*PROMPT*:
The answer must consist solely of the lines from the start of the records through the line containing "WICKER RATTAN FURNITURE", restated word for word, with no pictures.

----- MATERIAL SHOWN

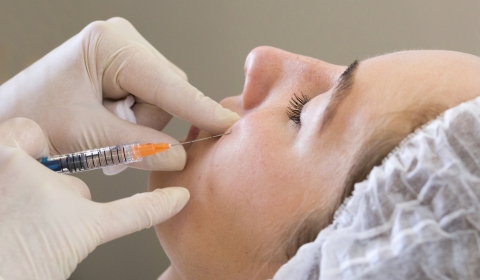 mid face filler with cannula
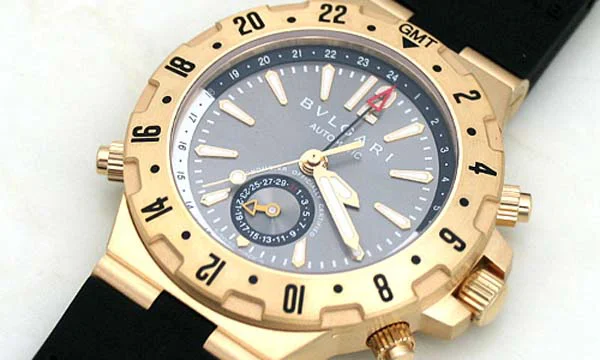 Bvlgari ブルガリ時計偽物 コピー ディアゴノプロフェッショナル GMT40C5GVD
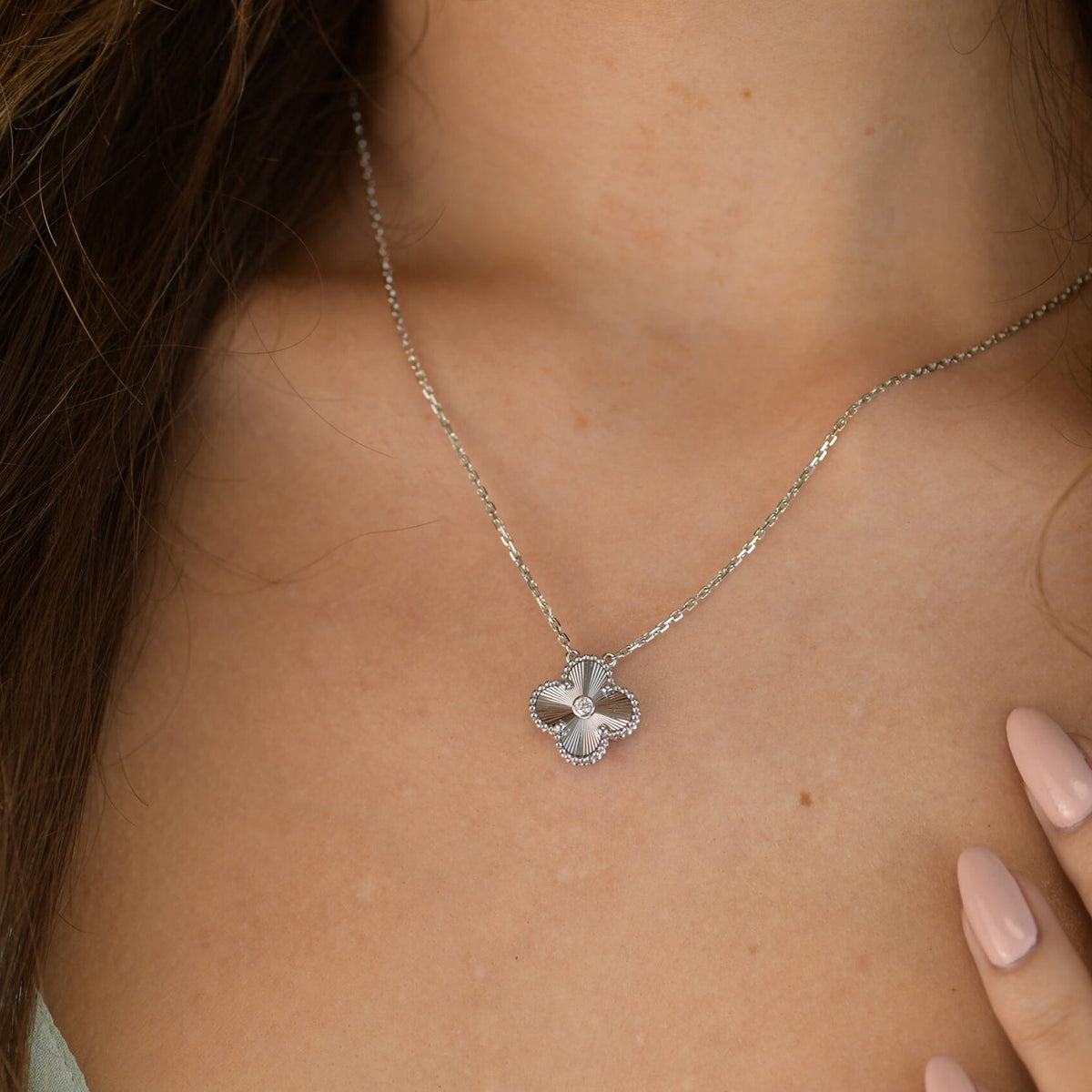 [Royal Jewellery]CLOVER  15MM DIAMOND LASER NECKLACE SILVER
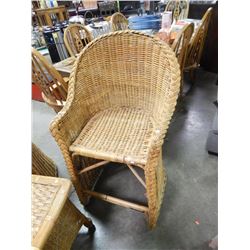 WICKER RATTAN FURNITURE -  BAR STOOL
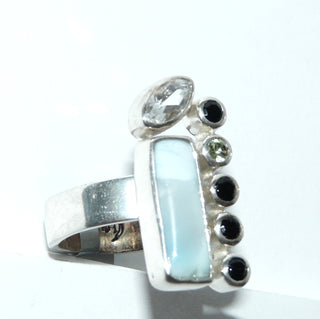 Einzelstück, Ring aus 925 Silber mit 4 runden, funkelnd facettierten schwarzen Spinellen, einem hellgrünen Peridot, einem Bergkristall-Navette und als besonderem Blickfang einem länglichen, rechteckigen, abgerundeter Larimar-Cabochon aus der Dominikanischen Republik, poliert, Ringweite 58,5 -	Nur erhältlich im Onlineshop von Juwelier & Goldschmiede Danilo!
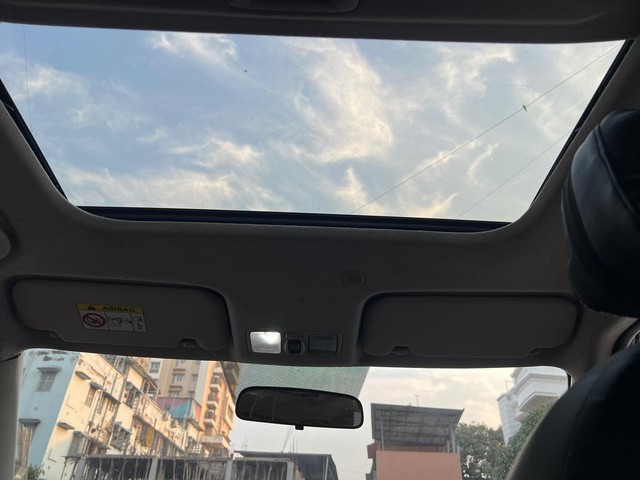 Second-hand 2022 Hyundai Venue SX Diesel for sale in Kolkata-6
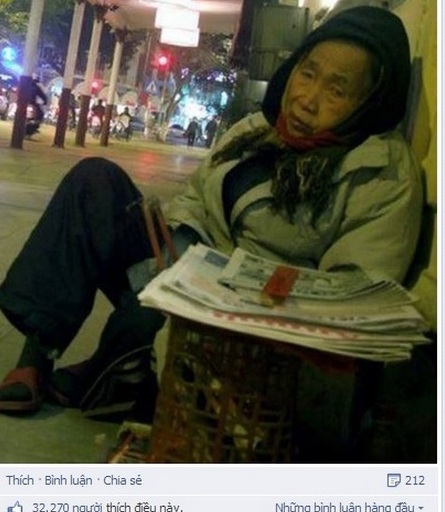 Người mẹ già cô độc giữa trời đêm khiến dân mạng thổn thức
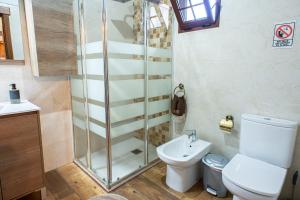 A bathroom at Las Cuevitas del Gamonal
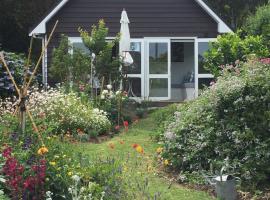 Hahei Kereru Cottage，位于哈海的海滩短租房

----------

*EXERCISE RESULT*:
 mid face filler with cannula
 Bvlgari ブルガリ時計偽物 コピー ディアゴノプロフェッショナル GMT40C5GVD
 [Royal Jewellery]CLOVER  15MM DIAMOND LASER NECKLACE SILVER
 WICKER RATTAN FURNITURE -  BAR STOOL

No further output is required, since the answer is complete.